[Start of Attachment]

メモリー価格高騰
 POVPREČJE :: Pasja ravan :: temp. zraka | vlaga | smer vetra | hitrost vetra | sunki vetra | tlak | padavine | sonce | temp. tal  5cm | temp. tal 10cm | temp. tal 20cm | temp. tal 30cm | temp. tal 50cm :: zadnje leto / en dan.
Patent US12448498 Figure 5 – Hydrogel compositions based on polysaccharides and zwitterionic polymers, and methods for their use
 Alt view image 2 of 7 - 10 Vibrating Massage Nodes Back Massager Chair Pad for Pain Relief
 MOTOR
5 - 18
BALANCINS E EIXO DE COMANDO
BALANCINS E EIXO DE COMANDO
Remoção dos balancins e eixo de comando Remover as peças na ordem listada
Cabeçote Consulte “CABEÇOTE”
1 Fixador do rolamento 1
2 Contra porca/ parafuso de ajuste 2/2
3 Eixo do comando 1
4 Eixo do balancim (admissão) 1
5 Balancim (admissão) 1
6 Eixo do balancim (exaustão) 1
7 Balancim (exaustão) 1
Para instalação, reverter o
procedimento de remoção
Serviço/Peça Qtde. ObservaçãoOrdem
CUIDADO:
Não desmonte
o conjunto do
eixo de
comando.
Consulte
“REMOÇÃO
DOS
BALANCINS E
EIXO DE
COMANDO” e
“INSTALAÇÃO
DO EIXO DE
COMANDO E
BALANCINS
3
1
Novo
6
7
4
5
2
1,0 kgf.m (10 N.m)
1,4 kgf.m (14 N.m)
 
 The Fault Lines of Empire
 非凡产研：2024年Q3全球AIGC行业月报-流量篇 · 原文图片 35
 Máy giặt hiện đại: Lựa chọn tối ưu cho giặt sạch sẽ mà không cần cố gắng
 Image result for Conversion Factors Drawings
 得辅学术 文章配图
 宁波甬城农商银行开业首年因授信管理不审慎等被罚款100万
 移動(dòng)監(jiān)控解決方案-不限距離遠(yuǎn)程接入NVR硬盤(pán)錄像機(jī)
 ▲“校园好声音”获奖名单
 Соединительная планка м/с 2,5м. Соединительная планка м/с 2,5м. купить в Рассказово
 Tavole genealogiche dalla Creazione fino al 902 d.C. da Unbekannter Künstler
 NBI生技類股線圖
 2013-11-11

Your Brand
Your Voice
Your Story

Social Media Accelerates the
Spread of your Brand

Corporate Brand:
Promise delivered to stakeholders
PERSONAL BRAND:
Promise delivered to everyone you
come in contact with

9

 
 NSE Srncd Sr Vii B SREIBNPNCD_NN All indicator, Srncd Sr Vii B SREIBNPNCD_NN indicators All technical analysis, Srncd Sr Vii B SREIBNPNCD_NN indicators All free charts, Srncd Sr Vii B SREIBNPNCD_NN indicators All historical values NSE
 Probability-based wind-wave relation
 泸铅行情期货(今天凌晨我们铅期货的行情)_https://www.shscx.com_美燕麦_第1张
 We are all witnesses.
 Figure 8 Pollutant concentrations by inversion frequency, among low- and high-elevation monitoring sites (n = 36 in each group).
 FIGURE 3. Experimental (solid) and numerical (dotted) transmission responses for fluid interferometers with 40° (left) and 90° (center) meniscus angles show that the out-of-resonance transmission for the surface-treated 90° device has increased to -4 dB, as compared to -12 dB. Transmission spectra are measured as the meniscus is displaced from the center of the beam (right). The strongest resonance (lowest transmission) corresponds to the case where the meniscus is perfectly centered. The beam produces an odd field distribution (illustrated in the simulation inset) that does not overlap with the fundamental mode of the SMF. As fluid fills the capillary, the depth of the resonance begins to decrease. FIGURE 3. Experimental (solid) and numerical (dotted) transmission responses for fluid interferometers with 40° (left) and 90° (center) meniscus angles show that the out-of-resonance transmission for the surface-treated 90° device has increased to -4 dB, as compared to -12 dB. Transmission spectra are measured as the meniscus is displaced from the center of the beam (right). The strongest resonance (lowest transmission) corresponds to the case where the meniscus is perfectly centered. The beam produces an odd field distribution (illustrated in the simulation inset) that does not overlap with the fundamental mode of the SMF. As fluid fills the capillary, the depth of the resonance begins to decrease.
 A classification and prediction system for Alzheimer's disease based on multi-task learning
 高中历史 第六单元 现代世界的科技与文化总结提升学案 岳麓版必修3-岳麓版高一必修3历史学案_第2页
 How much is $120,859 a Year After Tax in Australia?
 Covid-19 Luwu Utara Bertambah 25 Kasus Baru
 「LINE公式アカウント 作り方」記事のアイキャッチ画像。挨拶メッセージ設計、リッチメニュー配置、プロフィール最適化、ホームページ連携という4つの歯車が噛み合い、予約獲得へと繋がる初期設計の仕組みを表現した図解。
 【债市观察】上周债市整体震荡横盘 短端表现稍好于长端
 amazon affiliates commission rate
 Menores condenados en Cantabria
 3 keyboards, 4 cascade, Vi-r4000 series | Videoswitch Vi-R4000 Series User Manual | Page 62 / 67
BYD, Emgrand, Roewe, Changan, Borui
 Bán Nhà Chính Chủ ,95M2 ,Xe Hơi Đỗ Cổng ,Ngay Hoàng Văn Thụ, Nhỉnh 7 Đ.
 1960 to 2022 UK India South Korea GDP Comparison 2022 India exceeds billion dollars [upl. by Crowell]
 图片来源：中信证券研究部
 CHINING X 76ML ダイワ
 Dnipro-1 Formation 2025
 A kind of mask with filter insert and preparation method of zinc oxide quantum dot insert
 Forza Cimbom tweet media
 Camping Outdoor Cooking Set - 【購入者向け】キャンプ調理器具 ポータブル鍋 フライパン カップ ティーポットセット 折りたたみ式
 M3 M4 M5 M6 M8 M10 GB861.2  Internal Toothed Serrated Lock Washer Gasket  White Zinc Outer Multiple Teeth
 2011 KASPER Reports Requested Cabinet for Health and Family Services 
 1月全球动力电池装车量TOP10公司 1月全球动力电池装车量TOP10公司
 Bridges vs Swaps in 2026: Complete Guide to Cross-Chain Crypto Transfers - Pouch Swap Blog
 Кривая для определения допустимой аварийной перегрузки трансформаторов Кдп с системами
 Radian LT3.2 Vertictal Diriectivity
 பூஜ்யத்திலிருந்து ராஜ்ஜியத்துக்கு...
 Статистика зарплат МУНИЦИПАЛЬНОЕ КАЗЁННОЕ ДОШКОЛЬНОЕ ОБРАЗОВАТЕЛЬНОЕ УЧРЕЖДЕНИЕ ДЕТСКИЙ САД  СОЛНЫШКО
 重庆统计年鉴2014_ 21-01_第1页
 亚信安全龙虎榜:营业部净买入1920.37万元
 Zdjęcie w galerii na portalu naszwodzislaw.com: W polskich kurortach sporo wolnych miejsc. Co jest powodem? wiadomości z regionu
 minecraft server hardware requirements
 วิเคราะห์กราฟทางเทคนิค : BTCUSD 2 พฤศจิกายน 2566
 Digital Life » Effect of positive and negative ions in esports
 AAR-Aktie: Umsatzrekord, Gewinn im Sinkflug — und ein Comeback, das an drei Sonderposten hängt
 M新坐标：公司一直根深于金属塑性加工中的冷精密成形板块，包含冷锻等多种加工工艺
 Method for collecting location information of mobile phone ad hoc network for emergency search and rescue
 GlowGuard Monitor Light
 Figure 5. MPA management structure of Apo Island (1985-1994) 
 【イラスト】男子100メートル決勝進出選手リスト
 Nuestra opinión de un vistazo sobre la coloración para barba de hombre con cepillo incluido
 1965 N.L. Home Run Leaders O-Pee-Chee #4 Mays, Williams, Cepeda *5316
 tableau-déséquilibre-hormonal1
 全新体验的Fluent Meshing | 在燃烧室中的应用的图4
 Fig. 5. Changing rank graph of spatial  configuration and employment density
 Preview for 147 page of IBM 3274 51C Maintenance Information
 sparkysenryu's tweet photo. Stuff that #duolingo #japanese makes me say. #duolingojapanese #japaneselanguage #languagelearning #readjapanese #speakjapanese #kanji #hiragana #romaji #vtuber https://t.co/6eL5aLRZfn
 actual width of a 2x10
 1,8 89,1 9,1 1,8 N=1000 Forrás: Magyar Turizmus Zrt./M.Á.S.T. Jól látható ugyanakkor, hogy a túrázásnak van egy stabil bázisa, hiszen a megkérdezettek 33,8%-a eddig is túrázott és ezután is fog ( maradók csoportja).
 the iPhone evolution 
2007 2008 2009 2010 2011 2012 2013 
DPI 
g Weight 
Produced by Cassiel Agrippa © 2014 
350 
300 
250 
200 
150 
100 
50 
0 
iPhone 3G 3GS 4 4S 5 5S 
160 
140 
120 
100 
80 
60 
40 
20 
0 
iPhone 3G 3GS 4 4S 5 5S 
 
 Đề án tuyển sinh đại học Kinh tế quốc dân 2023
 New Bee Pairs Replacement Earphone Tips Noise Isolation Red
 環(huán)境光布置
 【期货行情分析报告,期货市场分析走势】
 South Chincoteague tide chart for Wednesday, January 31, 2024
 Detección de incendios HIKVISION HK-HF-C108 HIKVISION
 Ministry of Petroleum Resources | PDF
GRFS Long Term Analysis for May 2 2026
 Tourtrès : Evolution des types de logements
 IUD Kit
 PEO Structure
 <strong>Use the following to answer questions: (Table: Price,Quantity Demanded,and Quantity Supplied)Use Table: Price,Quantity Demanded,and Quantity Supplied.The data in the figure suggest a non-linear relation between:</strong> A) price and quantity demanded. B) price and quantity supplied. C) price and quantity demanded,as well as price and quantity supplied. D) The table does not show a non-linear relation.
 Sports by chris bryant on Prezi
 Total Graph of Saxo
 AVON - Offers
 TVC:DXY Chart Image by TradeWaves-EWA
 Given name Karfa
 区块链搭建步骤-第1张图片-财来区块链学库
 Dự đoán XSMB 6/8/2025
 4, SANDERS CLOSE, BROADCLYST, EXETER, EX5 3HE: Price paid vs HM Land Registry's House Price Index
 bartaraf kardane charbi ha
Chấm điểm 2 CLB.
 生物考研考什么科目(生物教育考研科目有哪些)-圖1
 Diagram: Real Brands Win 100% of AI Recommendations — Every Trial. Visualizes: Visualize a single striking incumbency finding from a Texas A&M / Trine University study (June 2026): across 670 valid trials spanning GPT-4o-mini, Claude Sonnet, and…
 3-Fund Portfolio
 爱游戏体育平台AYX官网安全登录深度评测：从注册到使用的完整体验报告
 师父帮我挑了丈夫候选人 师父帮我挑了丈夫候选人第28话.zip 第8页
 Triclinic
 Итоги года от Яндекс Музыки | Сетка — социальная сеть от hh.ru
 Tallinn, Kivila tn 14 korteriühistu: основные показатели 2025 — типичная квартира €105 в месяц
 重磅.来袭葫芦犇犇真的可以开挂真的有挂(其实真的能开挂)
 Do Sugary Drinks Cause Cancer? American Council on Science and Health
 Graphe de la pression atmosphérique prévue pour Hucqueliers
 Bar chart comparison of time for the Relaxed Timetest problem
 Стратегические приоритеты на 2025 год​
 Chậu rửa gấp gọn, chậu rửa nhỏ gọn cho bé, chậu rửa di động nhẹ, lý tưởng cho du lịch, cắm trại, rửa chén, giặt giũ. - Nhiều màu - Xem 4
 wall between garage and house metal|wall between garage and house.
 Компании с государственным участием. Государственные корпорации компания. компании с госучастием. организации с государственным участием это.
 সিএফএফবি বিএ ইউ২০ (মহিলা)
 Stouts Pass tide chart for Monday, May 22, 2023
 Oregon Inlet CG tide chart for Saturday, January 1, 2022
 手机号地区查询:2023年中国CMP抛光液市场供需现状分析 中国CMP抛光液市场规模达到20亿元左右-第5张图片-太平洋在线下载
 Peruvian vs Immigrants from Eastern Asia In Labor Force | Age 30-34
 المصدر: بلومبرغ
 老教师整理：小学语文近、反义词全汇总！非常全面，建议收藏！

[End of Attachment]

→ **Prompt**
Give the exact lines, and only those, from the line containing "AVON - Offers" through the line containing "Стратегические приоритеты на 2025 год​" in the entries above.

→ **Solution to the exercise**
 AVON - Offers
 TVC:DXY Chart Image by TradeWaves-EWA
 Given name Karfa
 区块链搭建步骤-第1张图片-财来区块链学库
 Dự đoán XSMB 6/8/2025
 4, SANDERS CLOSE, BROADCLYST, EXETER, EX5 3HE: Price paid vs HM Land Registry's House Price Index
 bartaraf kardane charbi ha
Chấm điểm 2 CLB.
 生物考研考什么科目(生物教育考研科目有哪些)-圖1
 Diagram: Real Brands Win 100% of AI Recommendations — Every Trial. Visualizes: Visualize a single striking incumbency finding from a Texas A&M / Trine University study (June 2026): across 670 valid trials spanning GPT-4o-mini, Claude Sonnet, and…
 3-Fund Portfolio
 爱游戏体育平台AYX官网安全登录深度评测：从注册到使用的完整体验报告
 师父帮我挑了丈夫候选人 师父帮我挑了丈夫候选人第28话.zip 第8页
 Triclinic
 Итоги года от Яндекс Музыки | Сетка — социальная сеть от hh.ru
 Tallinn, Kivila tn 14 korteriühistu: основные показатели 2025 — типичная квартира €105 в месяц
 重磅.来袭葫芦犇犇真的可以开挂真的有挂(其实真的能开挂)
 Do Sugary Drinks Cause Cancer? American Council on Science and Health
 Graphe de la pression atmosphérique prévue pour Hucqueliers
 Bar chart comparison of time for the Relaxed Timetest problem
 Стратегические приоритеты на 2025 год​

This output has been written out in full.